Gavin: What are the kinds of project that you’re particularly proud of?
Maria: We back fund managers across all regions but, just as an example, we’re working with a group that initially was a fund manager based in Mauritius and did Mauritius investments. The IFC started working with them and now they work with small and mid-cap companies in Mauritius, Madagascar, the Indian Ocean. The companies they work with are also now not just in their own country’s market, but starting to expand, not necessarily globally, but across their own region of Africa, and that can be a very powerful thing. We worked this year with a slightly larger manager, focusing on Colombia, Chile, Peru. We’ve done something in Indonesia. We’ve got a venture capital group in Southeast Asia. So we touch on many markets. We try to be active in all of our regions in emerging markets.
Gavin: Which regions are picking up the most at the moment? Where are you getting more involved? Which are the sectors where you’re seeing more interest?
Maria: One thing that’s particularly interesting right now: it used to be when you went to Africa, people were only investing in South Africa. Then it became South Africa, Nigeria, maybe Kenya – the largest economies. But now you’ve got managers who are looking for deals in Côte d’Ivoire and in Ghana, maybe doing a deal in Senegal. When you see investment activity picking up across the continent, that’s something that’s really worth taking note of.
I happened to be in Ethiopia recently. All of a sudden, we’ve got several new Ethiopia fund managers. It’s still early days, very nascent, but when we start to see managers around new frontier markets, we get there early. We try to watch what’s going on in those markets.
Gavin: What’s prompting that expansion?
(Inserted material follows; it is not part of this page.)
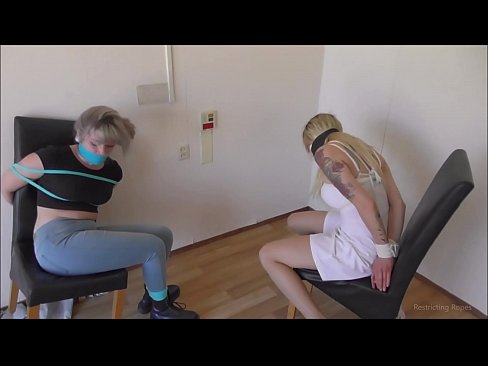 ❤️ Asılı / bağlanmış və ağzı bağlanmış / çətinlik içində olan qız ❤ Fəsişlər pornoda az.com-porn-mz.ru ❌️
Because it’s counter-intuitive when you think of the news that we’ve been seeing, particularly from the public markets during the last couple of years. It’s been very negative. With the commodities shock, Africa hasn’t been a great place to put your money, in the public arena at least.
Maria: The end of the commodities cycle has certainly impacted not just Africa but across all of our emerging markets. Commodity producers have been hit hardest. That has a much more immediate impact in the public markets and currencies. In aggregate, the end of the commodities boom, global uncertainty generally, the strength of the US dollar, and the weakness of other currencies as a result – that’s taken a hold on emerging markets.
But on the flip side of that, there’s the demographics – that evolution. Urbanization continues to pick up. Mobile technology alone is fundamentally changing how populations access things – increasing access in much lower income states, for much wider reaches of populations. These themes are real and they aren’t going to change. Even if we’re in a tough couple of years on the macro front in some of these markets, I would say the demographic push continues to be a driver. The power of the consumer is pretty strong.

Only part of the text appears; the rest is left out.